Tuesday 5 February 2008

Scally In The Bin Room

In Dovecot Towers the other day, I found a scallie in the bin room. He wasn’t doing anything wrong, but was slumped on the floor, drinking supermarket cooking lager. The bin room has grates instead of windows to let fresh air circulate; he must have been freezing. He was of course wearing his hoody, and dressed from head to toe in black, but seemed extremely embarrassed. The main door has been broken for two months now, and he might have wandered in. He might even live here.

Recently, I have noticed a lot of scallies hereabout. Landlords have entrenched ideas about who makes the ideal rent payer, and scallies are at the bottom of that list, especially unemployed examples. Current economic turmoil is challenging the stereotypes long treasured by landlords who - since they won’t actually live in the flats themselves- select a mirror image to dwell in their investment. Even being employed isn’t enough; the perfect tenants are established professionals, non-smokers, compulsive cleaners, all obsessive about paying rent on time. Letting agents even check your fingernails.

When I first moved in, I half expected to look around at five thirty and watch a battalion of bowler-hatted city types making their way home to Dovecot Towers. But most solicitors, accountants and internet millionaires with psychological cleaning problems have property of their own, forcing landlords to let go of their desires and accept that ordinary people had better move in pronto if they wish to avoid repossession and ruin. These replacements may or may not have jobs, as long as they pay the rent and behave themselves, then everyone is happy.

I used to live in Glasgow. Sartorially speaking, the Glaswegian equivalents of scallies - Neds - are the extreme opposite to their counterparts in North West England. Many Neds dress entirely in white, and pride themselves on their pristine, deceptively virginal clothing, whereas scallies dress completely in black (allegedly copied from criminals who wear black to stop police identifying them from their dress). If Neds and Scallies ever met, a nuclear event would ensue, and I fear the world would end. Incidentally, the word Ned was originally thought to derive from Non Educated Delinquent, until a Ned wrote to a Glasgow paper, pointing out that the grammatically correct phrase is actually Un Educated Delinquent, which would have made them Ueds.

‘Gentrification’ is a pious, snide, and snobby term, but increased rents were forcing established residents away from districts bordering the desirable Merchant City. Around Dovecot Towers, similar traffic is in reverse. As has been documented on rentergirl many times previously, there are too many empty flats, all scrabbling for the ‘good’ tenants. It seems that reality is enveloping these gated communities for students just passing through, or accountants on six month contracts, who move in with a wheelie bag and head home at weekends, or those of us destined to stay for a while. Dovecot Towers is being repopulated.

2 comments:

Anonymous said...

Did you see Panorama on Monday 4 February?

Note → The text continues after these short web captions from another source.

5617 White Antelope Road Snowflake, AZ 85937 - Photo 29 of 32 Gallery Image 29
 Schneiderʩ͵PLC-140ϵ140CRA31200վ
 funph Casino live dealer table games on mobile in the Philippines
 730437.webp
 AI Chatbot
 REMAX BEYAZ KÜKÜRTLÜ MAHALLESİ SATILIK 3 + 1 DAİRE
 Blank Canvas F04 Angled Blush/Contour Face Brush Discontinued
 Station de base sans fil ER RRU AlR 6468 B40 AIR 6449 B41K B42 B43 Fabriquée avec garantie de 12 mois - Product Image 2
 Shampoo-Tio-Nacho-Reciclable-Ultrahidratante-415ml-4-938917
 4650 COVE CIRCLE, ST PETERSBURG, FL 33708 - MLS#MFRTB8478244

Panorama gave examples of the 'gifted deposit' sales trick - a developer negotiates the sale of a 200K flat with a punter offering to pay the punter's 15% deposit in exchange for a timely exchange. The punter (buying to let) gets an 85% mortgage. Result- Land Registry price 200K, price to punter 170K, effective buy-to-let mortgage 100% and no cash up front from the punter is required.

When the house of cards collapses the punter still owes the lender 170K. The house is repossessed and sold (in the Panorama example) for 75K. Result - the punter has no house and still owes the lender 95K. Very bad for both lender and punter. Tough luck also on the early birds suckered into paying the full price in a "rising market".

I am amazed that the law permits all this. How come that the lender can enforce a fire sale at such a ridiculous price? what about the liability of the surveyor? - common sense suggests a maximum loss of say 30% beyond which the lender in repossession is selling recklessly.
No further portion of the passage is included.